Collected data
□ □ □
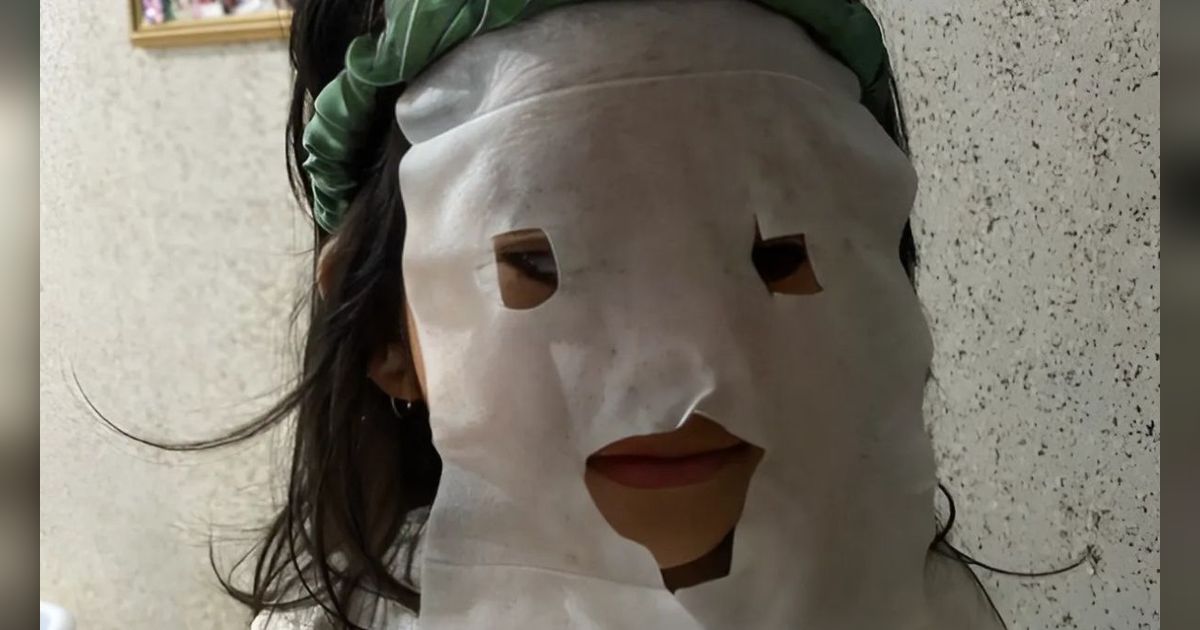 Ayah Kreatif, Bikin Sheet Mask Sendiri karena Anak Merengek Minta Pakai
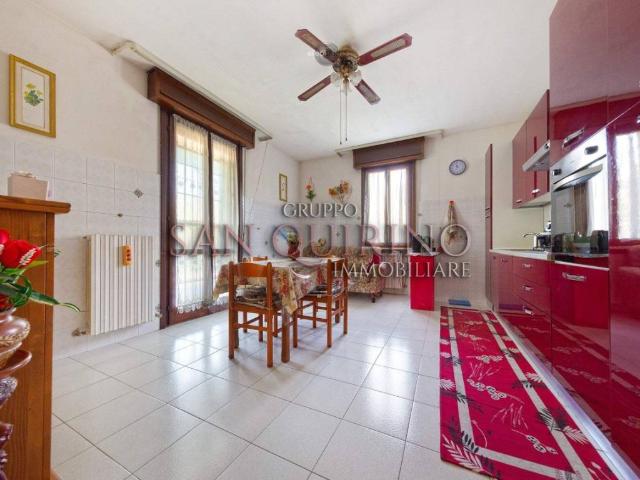 Villa Indipendente in vendita a Bassa Reggiana, Re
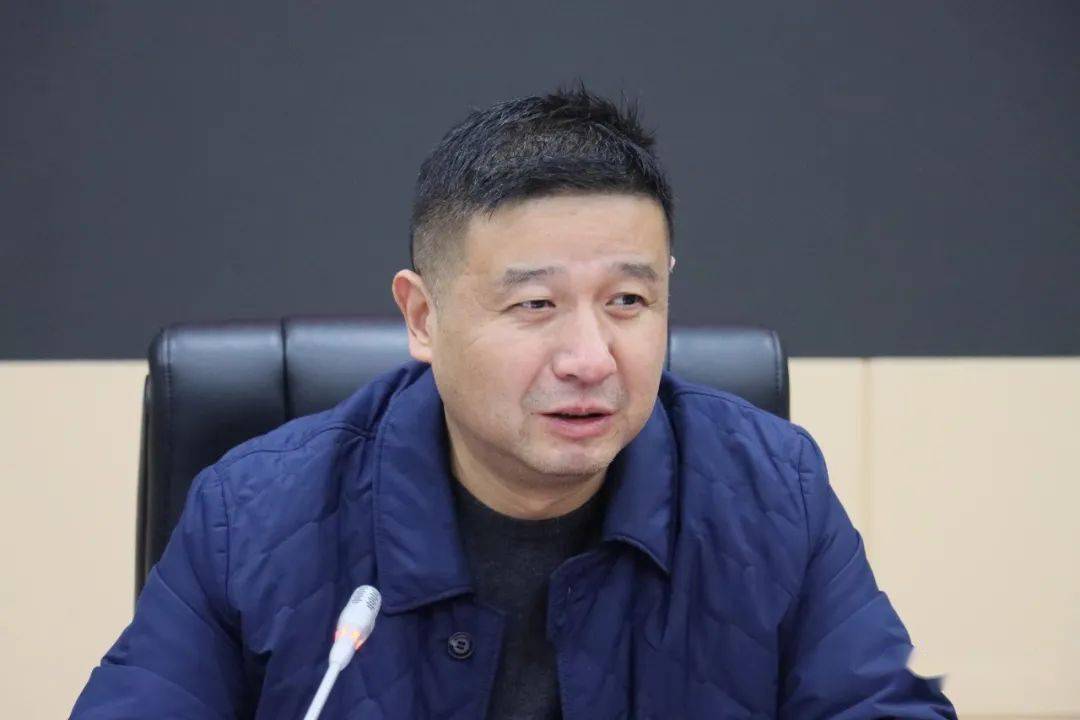 张斐在专题民主生活会集中研学时强调在比学赶超中掀起大干快干热潮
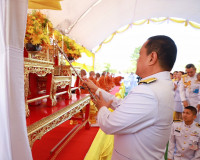 ผู้ว่าราชการจังหวัดสุราษฎร์ธานีนำข้าราชการ และ พสกนิกรทุกหมู ... พารามิเตอร์รูปภาพ 4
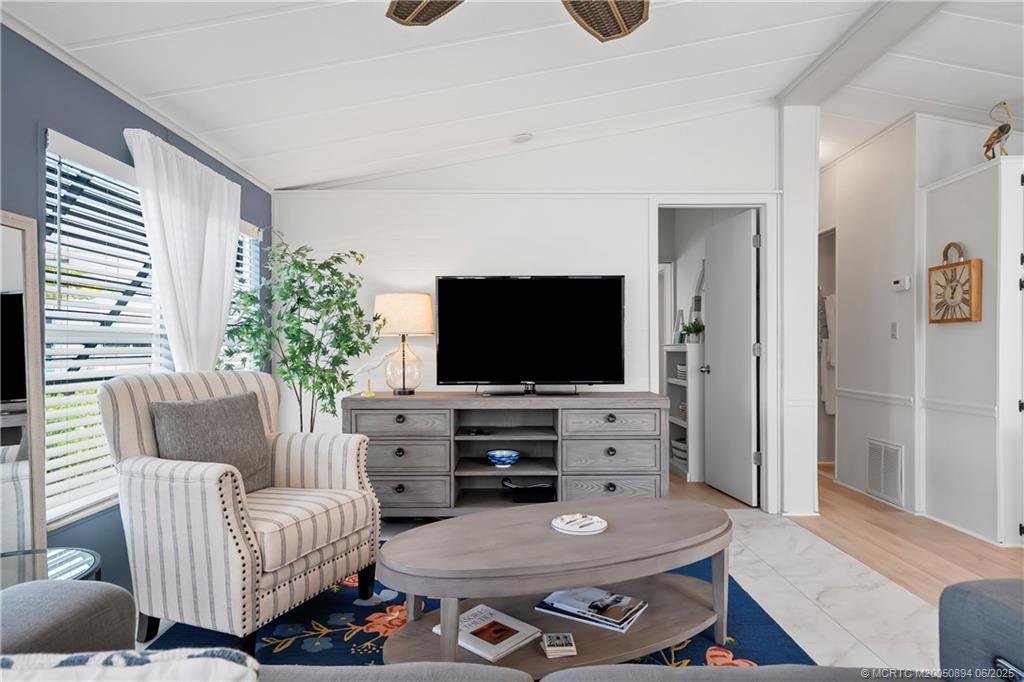 10725 S Ocean Drive 322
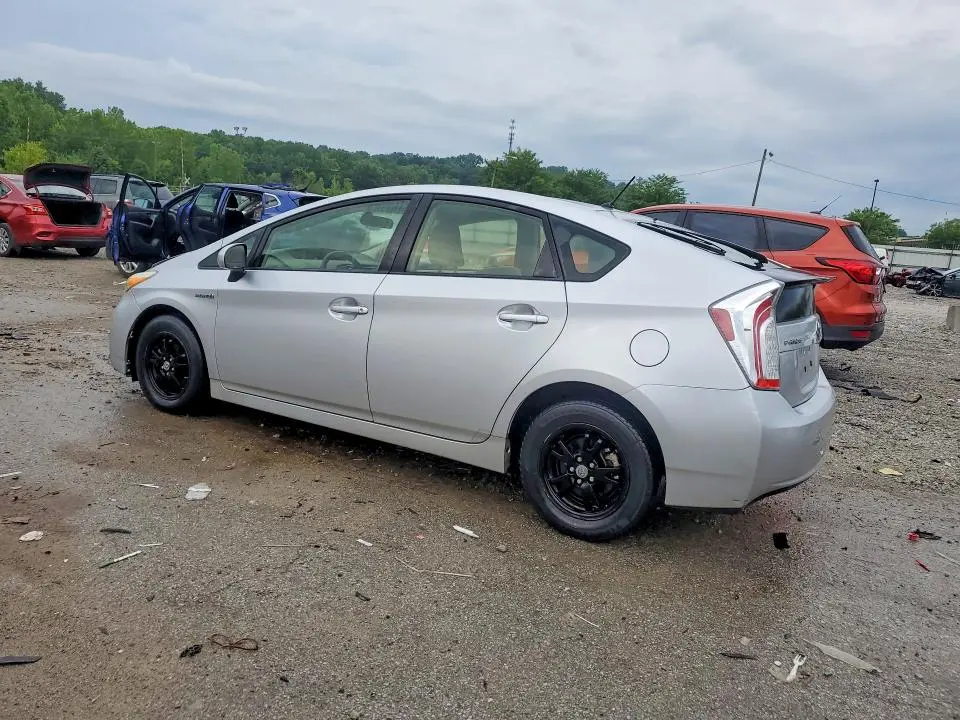 2013 TOYOTA PRIUS TWO  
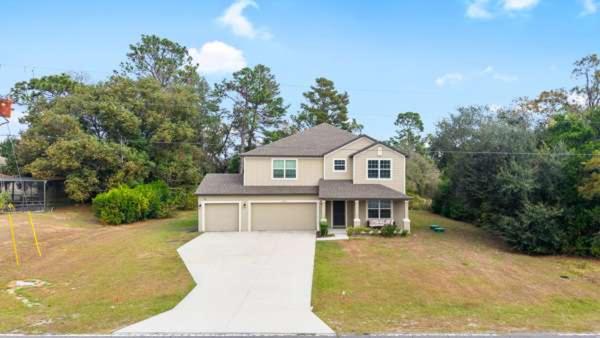 Spacious Springhill Family Getaway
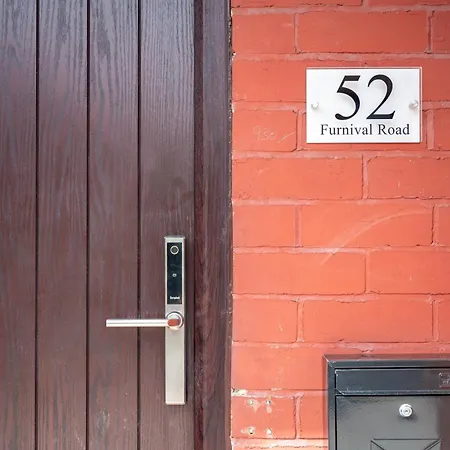 Guest house 52 Furnival Road, *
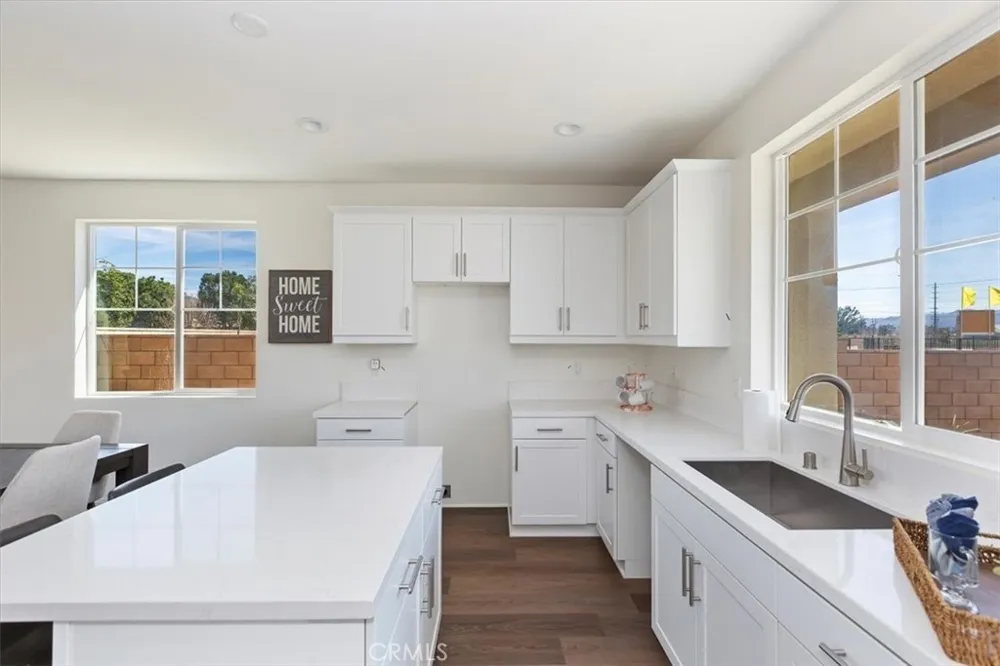 1992 Nathan Lane San Jacinto, CA 92582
□ □ □
■ **REQUIRED WORK**
Repeat exactly the lines in the entries from the one containing "2013 TOYOTA PRIUS TWO" to the final line, inclusive, and nothing beyond them; skip pictures.

■ **RESPONSE BELOW**
 2013 TOYOTA PRIUS TWO  
 Spacious Springhill Family Getaway
 Guest house 52 Furnival Road, *
 1992 Nathan Lane San Jacinto, CA 92582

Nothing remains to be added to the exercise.